'General Suleiman' Song Lands Musician in Jail
Lebanese vocalist and musician Zeid Hamdan was briefly detained on Wednesday for slander over a song posted on YouTube in which he urges President Michel Suleiman to "go home."
"General prosecutor Saeed Mirza ordered Zeid Hamdan detained for a song posted more than 18 months ago," Zeid’s lawyer Nizar Saghiyyeh told Agence France Presse.
"This is shocking," he added. "This case concerning the reputation of the president suddenly erupts while in the entire region you have heads of state being brought down and the people calling on them to leave.
"It is surreal in Lebanon to have this taking place."
Zeid was released late Wednesday, Saghiyyeh said.
He said the prosecutor must now decide whether to file formal charges against his 35-year-old client.
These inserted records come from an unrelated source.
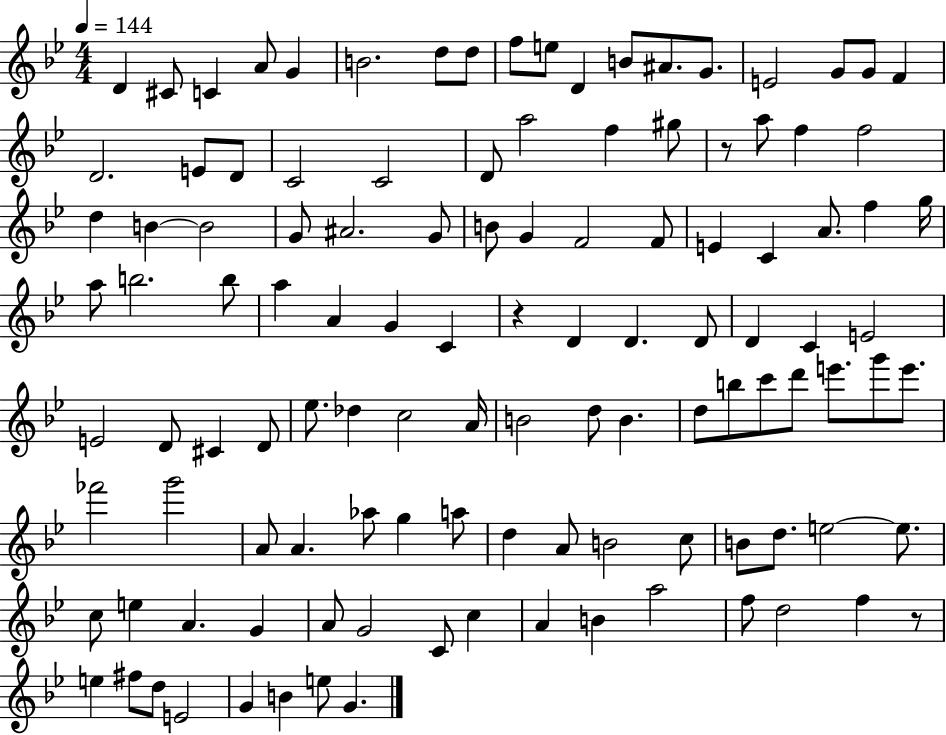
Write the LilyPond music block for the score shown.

{
  \clef treble
  \numericTimeSignature
  \time 4/4
  \key bes \major
  \tempo 4 = 144
  d'4 cis'8 c'4 a'8 g'4 | b'2. d''8 d''8 | f''8 e''8 d'4 b'8 ais'8. g'8. | e'2 g'8 g'8 f'4 | \break d'2. e'8 d'8 | c'2 c'2 | d'8 a''2 f''4 gis''8 | r8 a''8 f''4 f''2 | \break d''4 b'4~~ b'2 | g'8 ais'2. g'8 | b'8 g'4 f'2 f'8 | e'4 c'4 a'8. f''4 g''16 | \break a''8 b''2. b''8 | a''4 a'4 g'4 c'4 | r4 d'4 d'4. d'8 | d'4 c'4 e'2 | \break e'2 d'8 cis'4 d'8 | ees''8. des''4 c''2 a'16 | b'2 d''8 b'4. | d''8 b''8 c'''8 d'''8 e'''8. g'''8 e'''8. | \break fes'''2 g'''2 | a'8 a'4. aes''8 g''4 a''8 | d''4 a'8 b'2 c''8 | b'8 d''8. e''2~~ e''8. | \break c''8 e''4 a'4. g'4 | a'8 g'2 c'8 c''4 | a'4 b'4 a''2 | f''8 d''2 f''4 r8 | \break e''4 fis''8 d''8 e'2 | g'4 b'4 e''8 g'4. | \bar "|."
}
Slandering the president in Lebanon carries a maximum prison sentence of two years.
The rebel artist was interrogated by the authorities for the first time on July 20 and another time on July 21, Saghiyyeh said earlier in a statement.
The lawyer called on the Lebanese public opinion to “take a stance in defense of public freedoms in Lebanon.”
Earlier in the day, Zeid wrote on his Facebook wall that he was arrested Wednesday morning on charges of "defamation".
"Dear friends, I am now in the prison of the police station of the palace of justice in Beirut because of my song 'General Soleiman'. They are prosecuting me for defammation of President Soleiman. I dont know, until when I am staying in prison. Please mobilize!" Zeid wrote on his wall.
In the song, entitled "General Suleiman", Zeid's band criticizes the warlords and corrupt politicians in the country: "All the militia man GO HOME Corrupted politician GO HOME, To Weapon dealer say GO HOME, To trouble maker say GO HOME, Foreign intelligence GO HOME, Neighbor influence GO HOME,... General Suleiman, U're a miracle man, Gene gene general , GO HOME !"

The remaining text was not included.